Ezra’s eyes spark with delight. “A mix of things. Feel free to do a cover if you want.”
It’s probably just a sugar high from consuming a lunch of the waffles and chocolate cereal Keeley absolutely insisted I buy. But I feel like this is something I can do.
It’s strange. Lately, that deep-seated itch in me to play music almost feels like it’s moving closer to the surface again.
It’s something I can hardly dare to hope for. But if I play a cover, there’s no pressure to channel that creativity again. I can simply just play a familiar song and help Keeley’s friend out in the process.
“Maybe something Irish?” Ezra suggests, bringing me back to the present. “People would go nuts for that.”
Steve Earle’s “The Galway Girl” immediately comes to mind—a song about a man who meets a beautiful woman with black hair and blue eyes, and even though he’s not looking for love, he can’t help but be totally charmed by her.
The thought makes me smile.
“Sure,” I find myself saying.
“Nice!” Ezra says, looking genuinely pleased. “Nori will be so happy to fill the last spot.”
He starts talking me through some details, and I nod along, mind whirring with a mix of nerves, trepidation, and excitement, when Ezra casually says, “Keeley will also be helping out, of course.”
“Makes sense. She and Nori are good friends.”
Ezra smirks knowingly. “You two have been hanging out, huh?”
“A little. Sometimes,” I say, because that’s easier than telling him that we were locked in the laundry room together for an hour yesterday after I found her in yet another state of partial undress, and that I picked her up from the roadside earlier and basically kidnapped her to be my shopping partner.
A shopping trip that made me the proud owner of an I’m A Spring Chicken! reusable tote bag.
Ezra and I wander back to the main floor of the shop, and he picks up his salad container again. “I’m glad she has someone watching out for her in her building. Especially now that she and Andrew have broken up.”
I frown at the mention of his name. “What’s the deal with that Andrew guy, anyway?”
“They dated for ages, but their relationship always felt… off to me.” Ezra’s eyes darken. “Like something didn’t quite fit.”
“Oh?” I ask, trying not to look as keen for details as I feel.
“I think he was just the wrong person for her, and she was trying to make it right for so long that it was habit by the end. After they broke up, she seemed to wake up and consider what she really wants.
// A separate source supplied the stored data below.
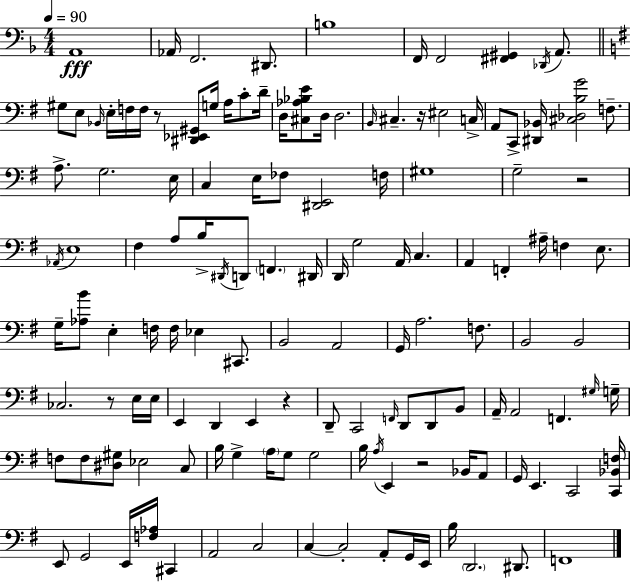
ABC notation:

X:1
T:Untitled
M:4/4
L:1/4
K:F
A,,4 _A,,/4 F,,2 ^D,,/2 B,4 F,,/4 F,,2 [^F,,^G,,] _D,,/4 A,,/2 ^G,/2 E,/2 _B,,/4 E,/4 F,/4 F,/4 z/2 [^D,,_E,,^G,,]/2 G,/4 A,/4 C/2 D/4 D,/4 [^C,_A,_B,E]/2 D,/4 D,2 B,,/4 ^C, z/4 ^E,2 C,/4 A,,/2 C,,/2 [^D,,_B,,]/4 [^C,_D,B,G]2 F,/2 A,/2 G,2 E,/4 C, E,/4 _F,/2 [^D,,E,,]2 F,/4 ^G,4 G,2 z2 _A,,/4 E,4 ^F, A,/2 B,/4 ^D,,/4 D,,/2 F,, ^D,,/4 D,,/4 G,2 A,,/4 C, A,, F,, ^A,/4 F, E,/2 G,/4 [_A,B]/2 E, F,/4 F,/4 _E, ^C,,/2 B,,2 A,,2 G,,/4 A,2 F,/2 B,,2 B,,2 _C,2 z/2 E,/4 E,/4 E,, D,, E,, z D,,/2 C,,2 F,,/4 D,,/2 D,,/2 B,,/2 A,,/4 A,,2 F,, ^G,/4 G,/4 F,/2 F,/2 [^D,^G,]/2 _E,2 C,/2 B,/4 G, A,/4 G,/2 G,2 B,/4 A,/4 E,, z2 _B,,/4 A,,/2 G,,/4 E,, C,,2 [C,,_B,,F,]/4 E,,/2 G,,2 E,,/4 [F,_A,]/4 ^C,, A,,2 C,2 C, C,2 A,,/2 G,,/4 E,,/4 B,/4 D,,2 ^D,,/2 F,,4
I feel like he was holding her back in a lot of ways.”
I remember what she said about the article she had to write to get her dream job, and I lean forward, curious to know more about Keeley’s plans. “Holding her back career-wise?”
“Yeah. Partly. I was happy when she told me she was applying for a job in Boston. It’ll be a fresh start for her.”
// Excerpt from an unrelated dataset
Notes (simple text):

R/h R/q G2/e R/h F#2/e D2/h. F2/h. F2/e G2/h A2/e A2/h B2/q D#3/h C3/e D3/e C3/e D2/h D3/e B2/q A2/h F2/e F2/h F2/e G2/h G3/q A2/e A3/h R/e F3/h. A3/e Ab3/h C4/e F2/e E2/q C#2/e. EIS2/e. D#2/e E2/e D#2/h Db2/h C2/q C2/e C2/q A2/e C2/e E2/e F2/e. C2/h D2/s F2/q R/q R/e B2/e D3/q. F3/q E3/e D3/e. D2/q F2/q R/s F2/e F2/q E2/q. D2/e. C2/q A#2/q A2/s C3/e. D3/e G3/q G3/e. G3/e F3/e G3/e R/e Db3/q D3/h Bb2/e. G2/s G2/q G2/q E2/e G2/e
“Oh. I didn’t realize the job was in Boston.”
For some reason, the thought of her moving away makes me feel… strange. Just for a moment, until I snap back to reality and remember that in a few short weeks, I’ll be leaving, too, and we won’t be neighbors anymore.
Ezra’s blue eyes—so like Keeley’s—are steady on me. “You like her, don’t you?” he asks bluntly.
I swallow. Consider the question.
I do find myself drawn to Keeley in a way that I’m not used to feeling. But I barely know the woman. And when I go back to Ireland, how I feel about her—or don’t feel about her—will be an entirely moot point.
“We’re just friends,” I reply firmly.
“Uh-huh,” he counters with a twinkle in his eye, like he very much doesn’t believe me.
A twinkle that makes me question if I even believe what I’m saying myself.